It might be tempting to describe the small pots issue as something that is only important to pension administrators. This would be a mistake.
This is an issue that is about so much more than the mechanics of automatic enrolment – it has a direct bearing on the future size and shape of the workplace pensions market, as well as the economics of running a pension scheme.
The Department for Work and Pension’s recent call for evidence on the best way to force the consolidation of small pension pots considered two possible options: pot consolidators, where pots below a determined threshold get pushed to a consolidation scheme; and 'pot follows member', where pots below the threshold get pushed to the active pot.
Each of these options could consolidate small sub £1,000 pots but either of the proposed small pots solutions has the potential to consolidate much larger pots, potentially until savers have only the active pot.
That may sound far-fetched in the UK context but it is exactly what the pathway has been in Australia.
We think there are three main points that the DWP needs to consider.
First, what is in the savers’ interest?
Second, what is consistent with other policy objectives?

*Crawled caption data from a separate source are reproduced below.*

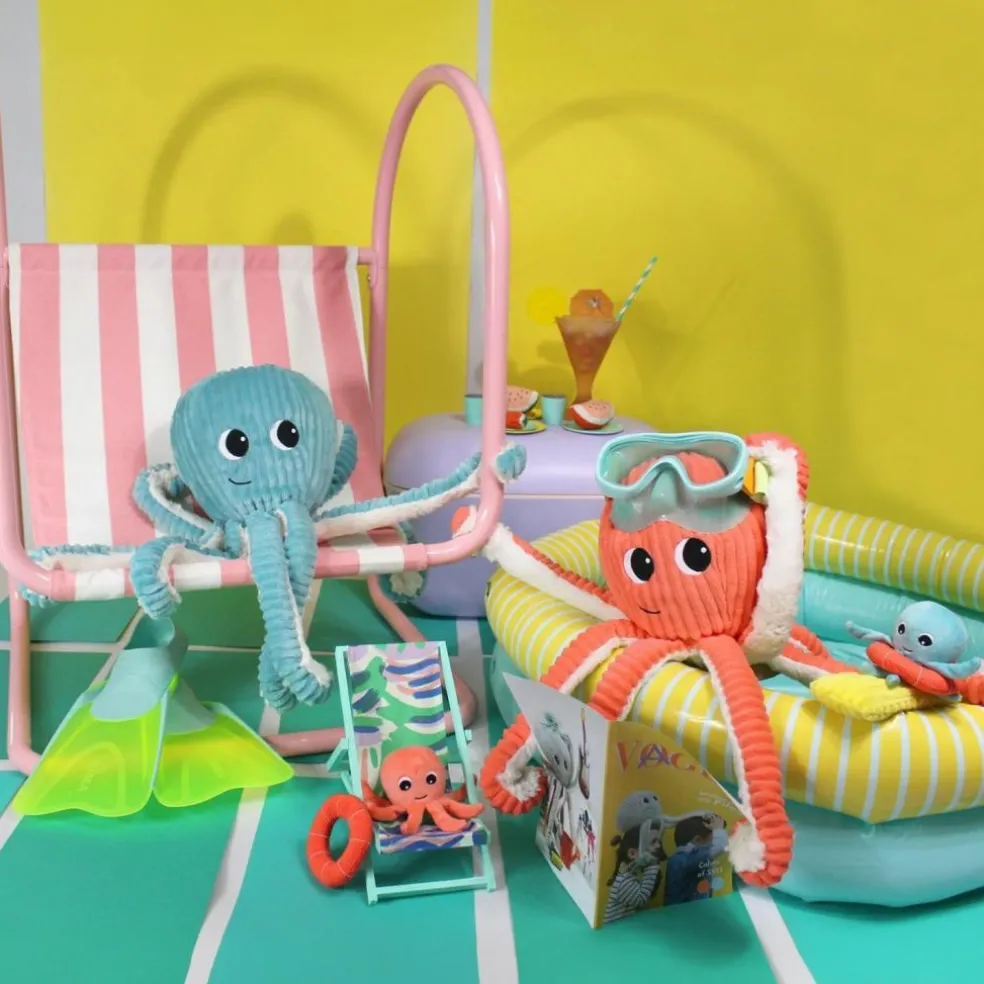 Peluche Filou maman et bébé Les Ptipotos Aqua (50 cm)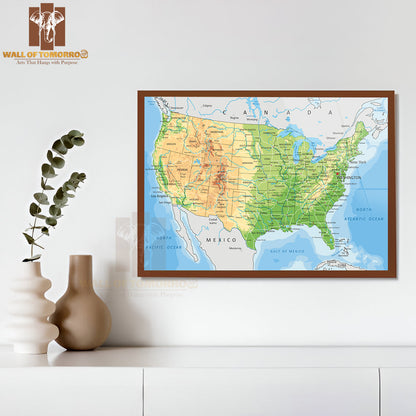 Detailed USA Physical Map Educational High Quality Glass Frame Wall Décor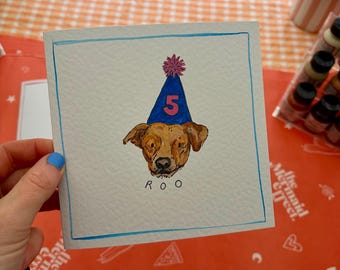 Carte de portrait d'anniversaire d'animal de compagnie peinte à la main : caricature personnalisée de chien/chat/cheval, etc.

And third, how can a future market be economically sustainable?
It’s possible to score both policy options.
We think it’s possible to answer these three questions by taking the multiple consolidator option and using it to build a number of larger pension schemes that are held to a higher regulatory standard.

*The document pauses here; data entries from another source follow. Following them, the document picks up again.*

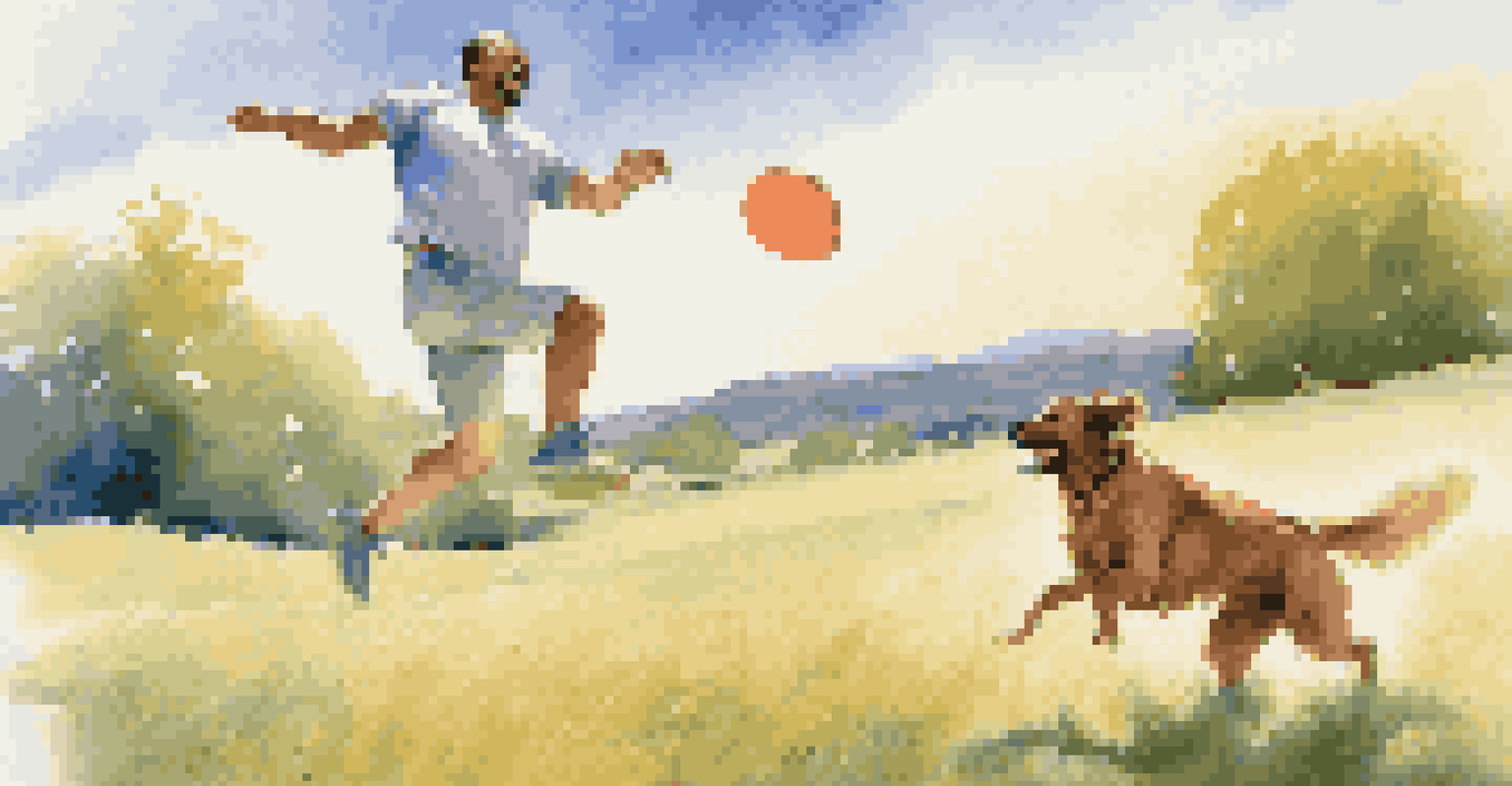 A man playing fetch with a joyful dog in a sunny field, capturing the essence of outdoor fun and companionship.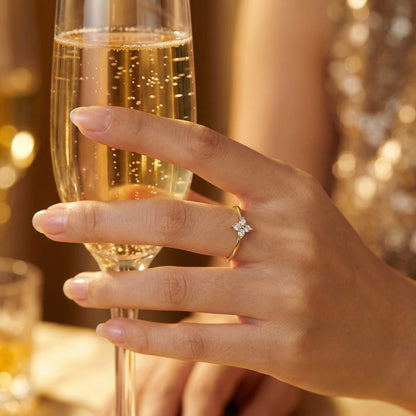 Matilda Crystal Flower Ring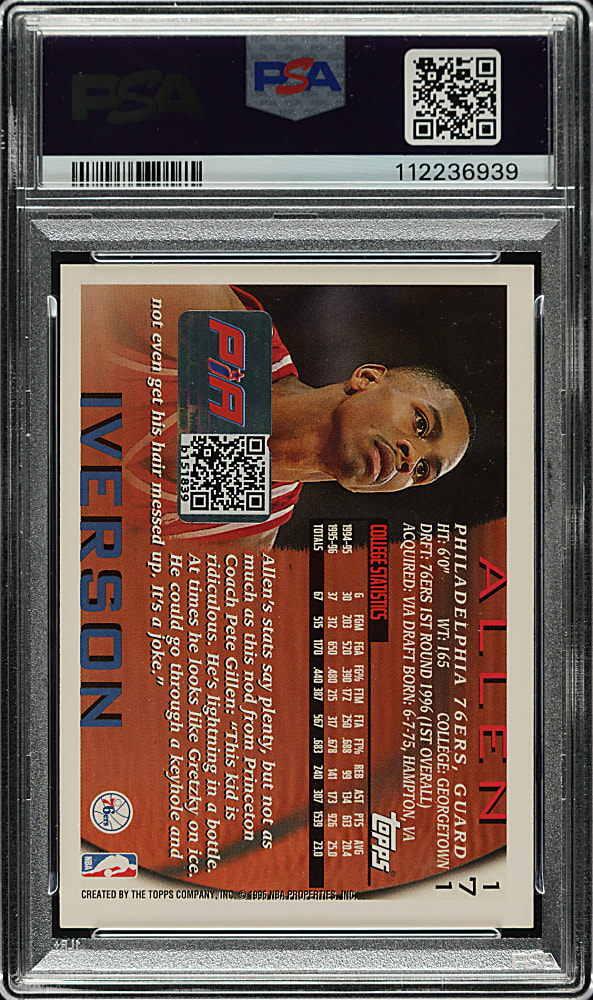 Signed 1996-1997 Topps Basketball #171 Allen Iverson Rookie PSA EX 5 with MINT 9 Signature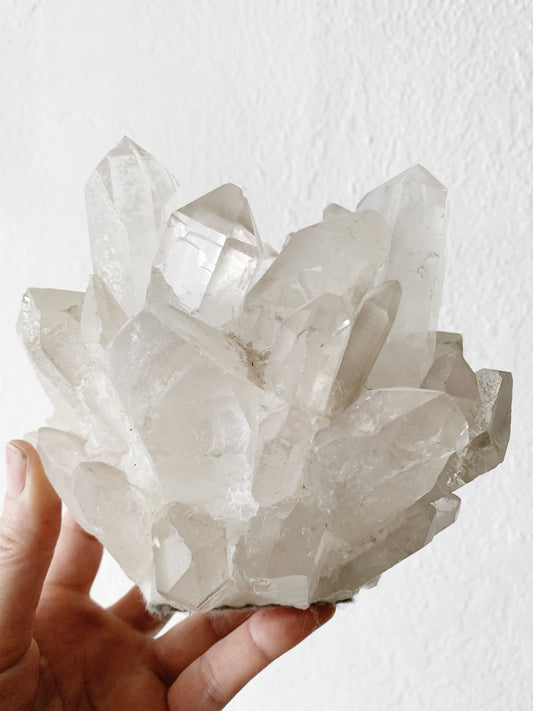 Large Quartz Crystal Cluster Votive Holder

These schemes should be genuine workplace pension schemes and should have an obligation to accept business from any employer.

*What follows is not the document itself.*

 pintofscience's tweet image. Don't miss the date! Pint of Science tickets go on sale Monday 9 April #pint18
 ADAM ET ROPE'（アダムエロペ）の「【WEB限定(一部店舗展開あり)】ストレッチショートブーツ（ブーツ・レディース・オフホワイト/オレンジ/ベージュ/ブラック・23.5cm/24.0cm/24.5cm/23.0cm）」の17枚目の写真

On the first point, there’s a convincing body of evidence that suggests there are considerable scale economies in pension provision and few scale diseconomies, provided that schemes are well governed.
International evidence suggests that larger schemes are more efficient economically and achieve slightly higher investment returns.
You would need enough consolidators such that the market is competitive at all levels and you would also need to avoid a situation in which any one entity (bar Nest, as provider of last resort) became too big to fail.
On the second point, the government has run a major policy programme to try and get defined contribution pension schemes to invest in less liquid assets.
The announcement at the Budget that the chancellor would bring forward further measures on this issue in the autumn and the pursuit by the Labour party of a similar agenda in the O’Neill review suggest that this issue is gaining in importance.